My Ithaca 12g SxS has military acceptance marks?
This is my first post here but not my last. I have posted this same thread in several other firearms forums in the hopes of gathering as much info as I can on this old family heirloom and I figured there had to be some knowledgeable folks here.
Anyway I recently acquired a 1942 Ithaca Long Range SxS that has been in my family all it's life, it belonged to my Grandfather who served as a tail gunner in a B-24 Liberator over Europe in WW2 and when he passed away about 15 years ago this gun went to my uncle and then he gave it to me.
When I first took possession of this shotgun I thought it was simply a nice family heirloom but upon taking it apart for the first time and looking at it more closely I noticed something strange.
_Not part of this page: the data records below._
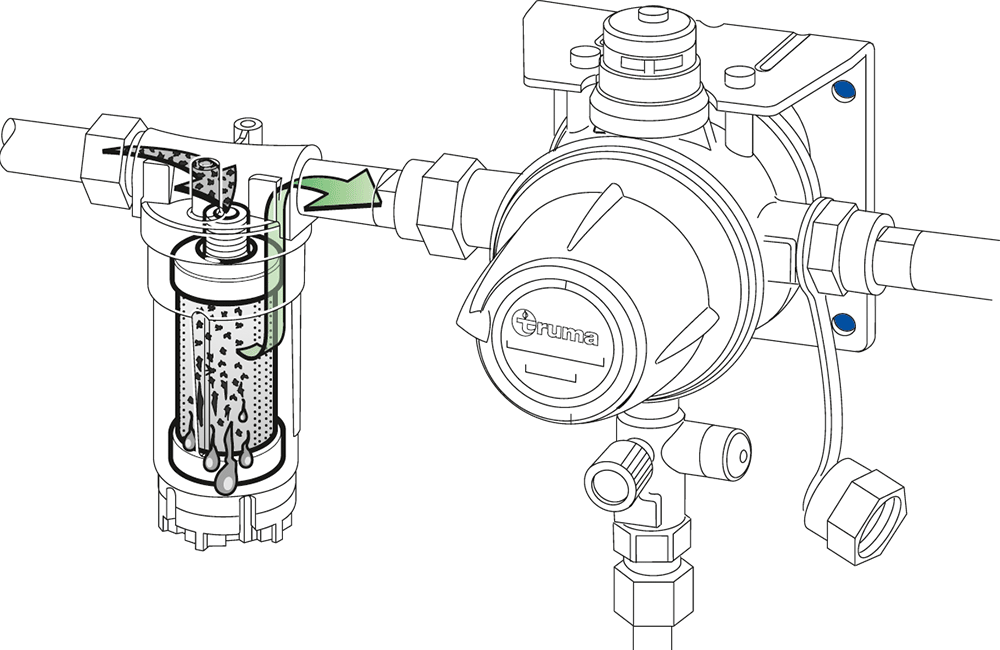 Gas Supply Filter Truma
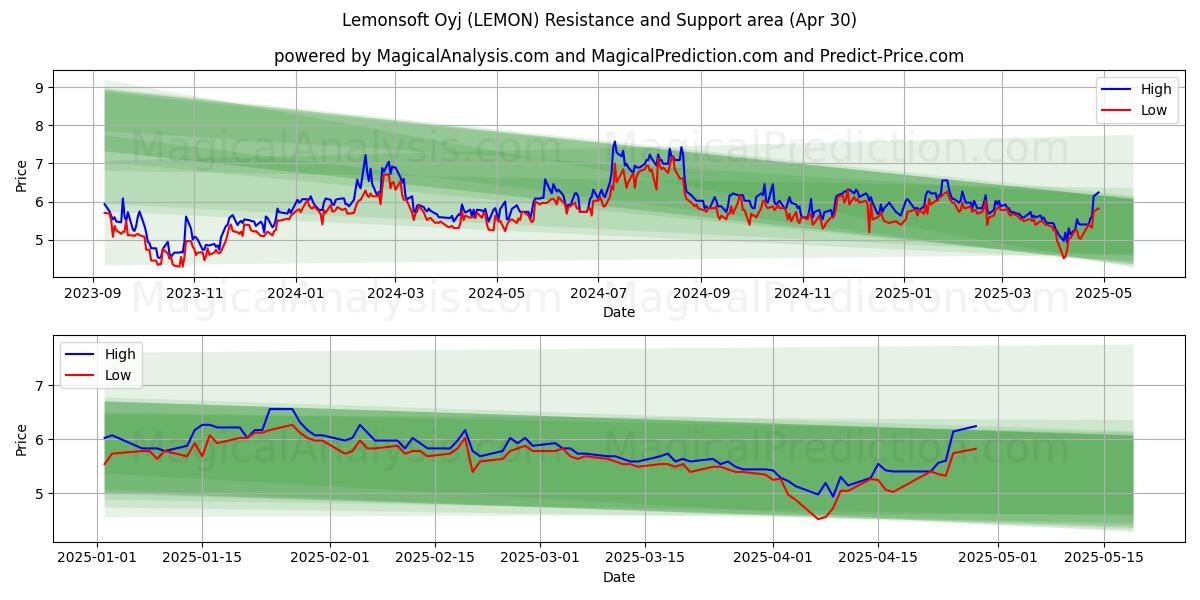  Lemonsoft Oyj (LEMON) Support and Resistance area (26 Apr) 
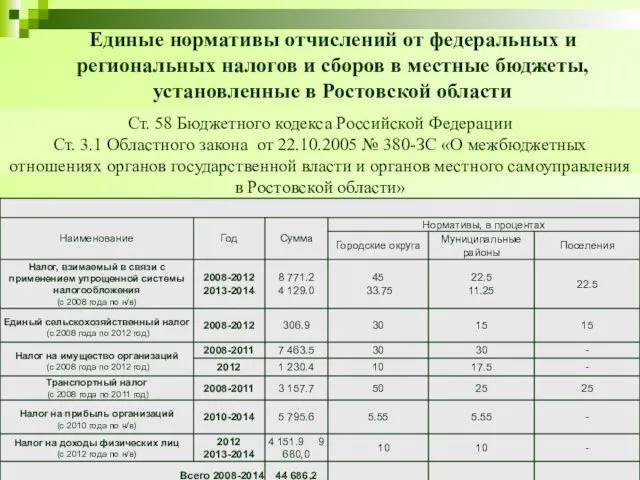 Единые нормативы отчислений от федеральных и региональных налогов и сборов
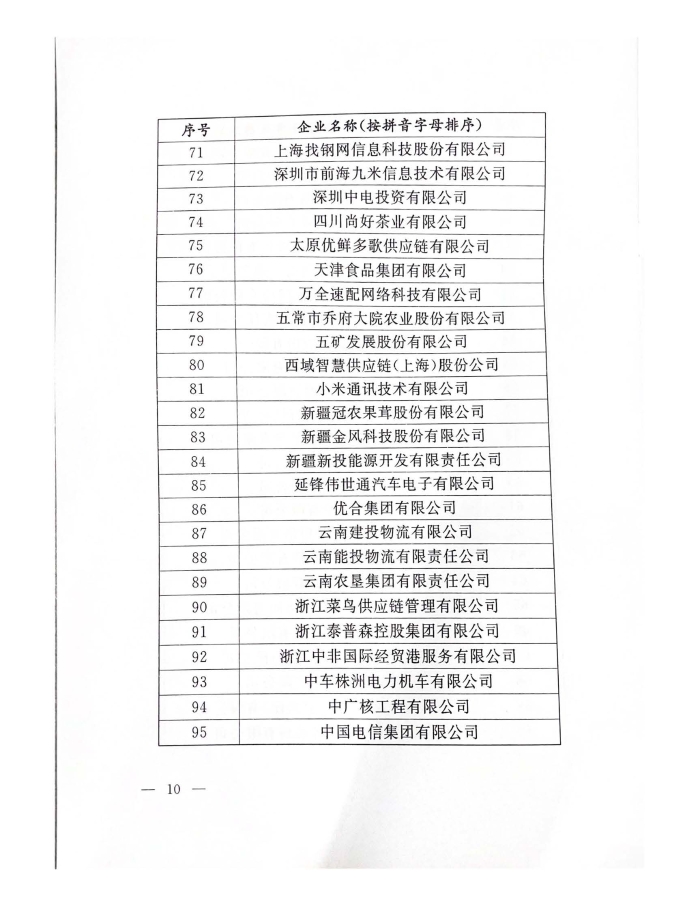 公布2022年供應鏈示範創建名單_頁麵_10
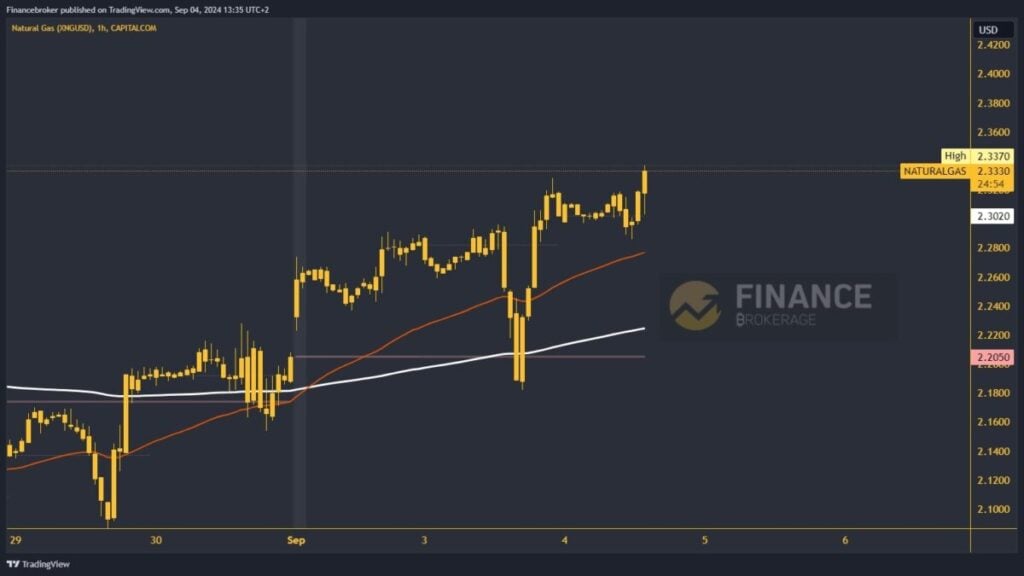 Natural gas chart analysis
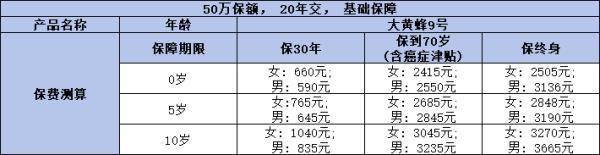兒童有必要購(gòu)買(mǎi)終身重疾險(xiǎn)嗎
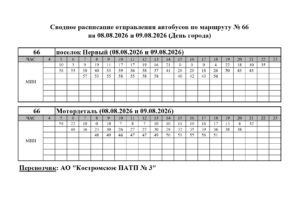 Расписание маршрута № 66 (08-09.08.2026 День города)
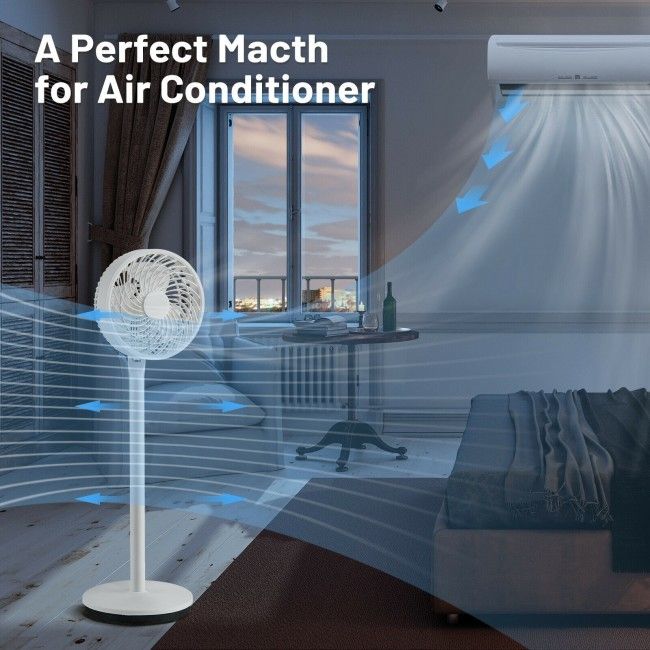 9 Inch Portable Oscillating Pedestal Floor Fan with Adjustable Heights and Speeds - Discount Msrp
Under the barrel there is a serial number indicating it was made in 1942 but what was strange were the proof marks including a "P" and a flaming bomb. These appear to be military proof marks but what are they doing on an Ithaca SxS? What purpose could the military have in such a shotgun?
I know that these Ithaca Long Range Guns aren't incredibly valuable and I doubt I would ever sell this gun anyway because it's a family heirloom, however I am curious if this gun is rare and potentially worth more because it has military acceptance markings?
Anyway here are a bunch of pics of it, any ideas you might have would be welcome.
the us army air corps bought thousands of shotguns to train air crew gunners and fighter pilots in the basics of leading targets. they would start off with simple skeet shooting than move to skeet shooting in a speeding vehicle usually a jeep before they turned em loose in a aircraft gunner seat.
i like ithaca firearms but the truth about is they had some quality issues so had to go through extra hoops to proof their guns. the flaming bomb is a military acceptance proof. your shotgun was originally purchased by the us govt and received a proof mark as part of the process. you got an interesting piece of history.
one other thing. the upsurge in skeet and trap as a popular sport really took off after ww2 in large part to the enormous numbers of airmen, sailors, and aa crew trained using skeet. they simply enjoyed it and continued the sport after the war. shotgun sports simply exploded after thw war ended.
As far as I know all the shotguns they used in aerial gunnery training were repeaters, but I know that the Special Services used to buy all kinds of guns available to be signed out by military personnel for recreational purposes. My buddy's Dad way back was a navy captain, and whenever we would be interested in a gun he would go with us and check one out and we would take it to the range and shoot it. One time they even ordered one just because we wanted to shoot it. Back then I couldn't believe all the stuff the military got "free". Now I know; they earned it and they deserved it.